I would like to prove that $\limsup_{t \to \infty} B_t = \infty$ a.s., where $B$ is a Brownian motion, by using the Fatou lemma.

My attempt

Fix $M>0$. Then $$P[\limsup_{t\to\infty} B_t>M]\geq\limsup_{t\to\infty}P[B_t>M]>0$$

I can conclude by noticing that $M$ is arbitrary, that the $\{\limsup_{t\to\infty} B_t>M\}$ is in the tail-$\sigma$ algebra and so it is $P$-trivial that

$$P[\limsup_{t\to\infty} B_t=\infty]=1$$

(Edit 1) To get the first inequality I proceed in this way

• Define $A_n:=\{\omega: B_n(\omega)>M\}$
• Define $A:=\limsup_{n\to\infty}A_n$
• Application of the Fatou's lemma for the '$\limsup$' to $$ \int\mathbb{1}_{A}dP=\int\mathbb{1}_{\limsup_{n\to\infty} A_n}dP{\color{red}=}\int\limsup_{n\to\infty}\mathbb{1}_{A_n}dP\geq\limsup_{n\to\infty}\int{\mathbb{1}_{A_n}}dP $$

Doubts:

1. How can I pass from countable "n" to continuos "t"?
2. Is the second (red) equality right?

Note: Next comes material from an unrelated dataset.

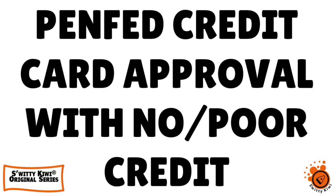So you're probably sitting there with poor credit or no credit and you want to have a PenFed credit card. In today's conversation, I'm going to spill all the beans you need to know. We're going to talk about PenFed credit card approval with no credit or poor credit — how to get a massive credit limit. Don't go anywhere, you're going to love today's conversation.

From this answer it seems so but the counter example given below seems to contradict it. (https://math.stackexchange.com/a/4728/1073326) Could someone explain it to me?

(Edit 2) As far as I understand from the answer gently given by Will the red equality is correct. My error is in the original set up of the sets $A_n$. So, can someone give me some insights on how to understand that these two sets are not the same: $\{\limsup_{n\to\infty} B_n>M\}$ and $\limsup_{n\to\infty}\{B_n>M\}$?

Thanks for the help.

Answer 1

How do you get $$P[\limsup_{t\to\infty} B_t>M]\geq\limsup_{t\to\infty}P[B_t>M]\quad?$$

Of course it is true for the brownian motion, because $\limsup_{t\to+\infty}B_t=+\infty$. But for any process $(B_t)_{t>0}$ that is not true. Take for instance $M=1$, $G$ a standard gaussian variable and $B_t=1+\frac Gt$. Then $P[\limsup_{t\to\infty} B_t>1]=0$ but $\limsup_{t\to\infty}P[B_t>1]=\frac12$.